People were willing to participate

"People are willing to accept a certain amount of excess toxicity if they think it's going to increase the chance of having their cancer cured," Ellenberg, who wasn't involved in the new study, told Reuters Health. "But that's not always true - it really depends on what the toxicity is."

And the balance of drug benefits and side effects may be different for each individual patient, researchers said, making treatment decisions extra tough. Dr Eitan Amir from Princess Margaret Hospital in Toronto and his colleagues consulted side effect information from new drug labels and clinical trials.

Those drugs included bevacizumab (marketed as Avastin), docetaxel (Taxotere) and sunitinib (Sutent). Studies had between 266 and 1 725 cancer patients each. The researchers found cancer patients who were randomly assigned to the newer drugs were 40% more likely to die from a side effect than those in comparison groups, who were typically treated with the current standard of care at the time or a drug-free placebo. Still, less than 1% had a treatment-related death.

The number of patients who stopped taking a drug because of side effects ranged from less than 1-7%. Patients in the newer treatment groups were 52%more likely to have a range of severe to possibly life-threatening side effects, from nerve damage to heart problems.

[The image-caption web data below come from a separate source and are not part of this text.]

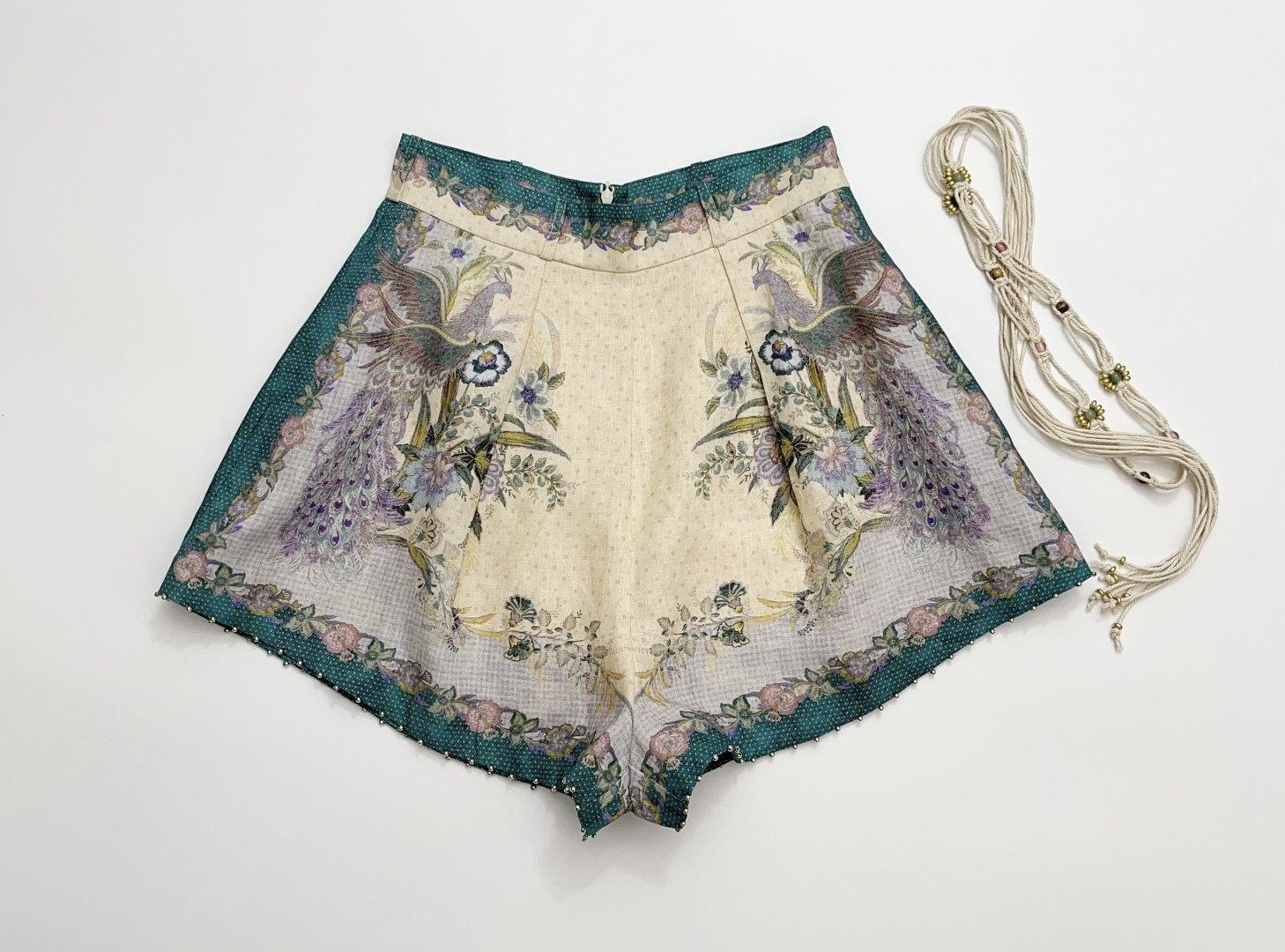 Zimmermann Indra Green Floral Print High-Waist Shorts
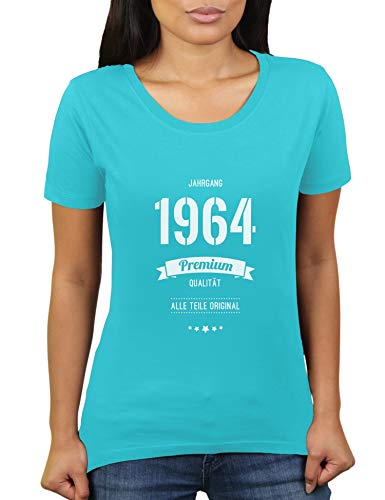 Jahrgang 1964 - Alle Teile original - Geburtstag - 56 Jahre alt - Damen T-Shirt von KaterLikoli, Gr. M, Turquoise von Likoli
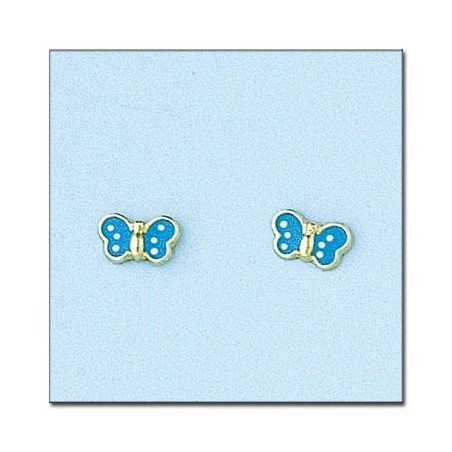 Pendientes Oro mariposa azul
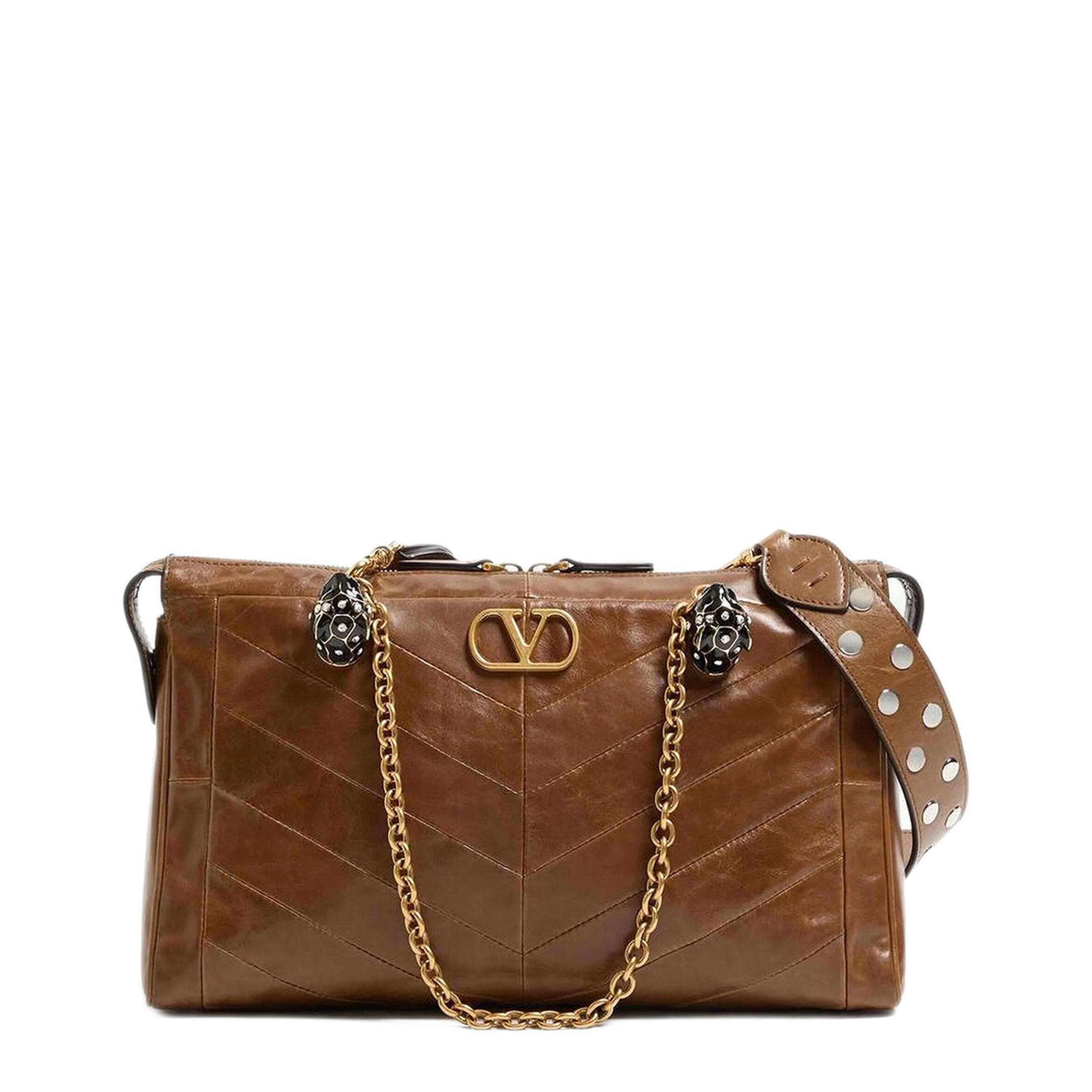 MAYFEYR - Valentino - Panthea Shoulder Bag In Nappa Leather With Chevron Pattern - WB0S70UYFBGQ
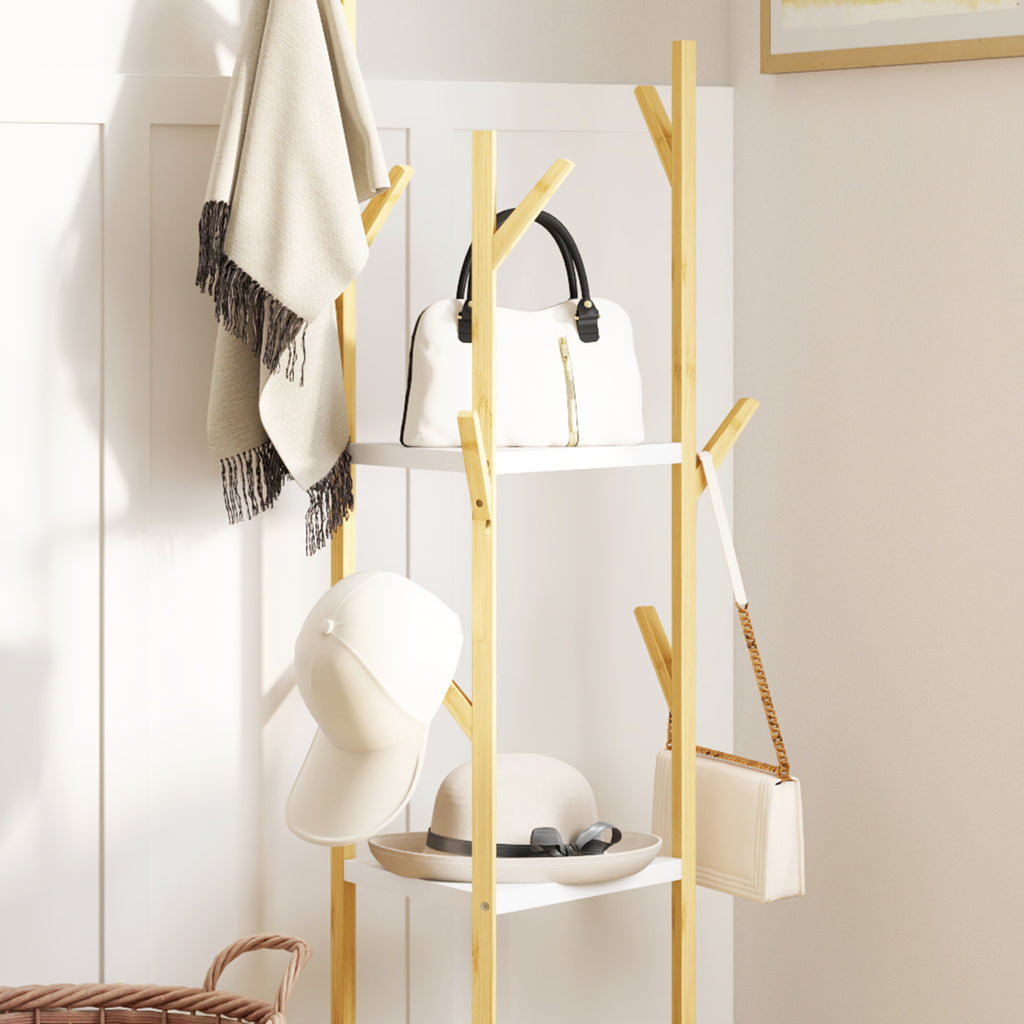 Tree Clothes Hanger in Bamboo with 8 Hooks and 3 Shelves, Natural Wood and White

And 10 out of 12 of the drug-related problems Amir's team tracked were more common among people treated with the drugs under examination, according to findings published this week in the Journal of Clinical Oncology. “It may be that the original studies were too small to pick apart those effects,” Amir said.

Not the same for everyone

Because the FDA approved all of the newer drugs, the agency found based on clinical trials that the medications helped cancer patients more than they potentially hurt them."Overall, at least we can say from clinical trial patients that the benefit (of these drugs) is more than the risks," said Dr Shenhong Wu, a cancer doctor from Stony Brook University School of Medicine in New York, who wasn't involved in the new study.

But patients included in large, pre-approval trials may be healthier, or younger, than most people who are expected to ultimately need the drugs - so whether a drug is worth its possible side effects will depend on each individual patient, he added.

"In the real world, patients are complicated; they have all kinds of issues. So the benefits and risks may be different," Wu said. Amir told Reuters Health that when patients and their doctors are discussing starting a new treatment, doctors should take into account a patient's overall health, and not just the cancer.

"I wish there were easier decisions that people with cancer had to make, but most of the drugs are toxic," Ellenberg said. Amir told Reuters Health the analysis should not be seen as a takedown of cancer drugs."These are all drugs which improve outcomes, certainly of cancer, and overall survival," he said. "The only thing we're trying to highlight is, it's not as if you're getting anything for free."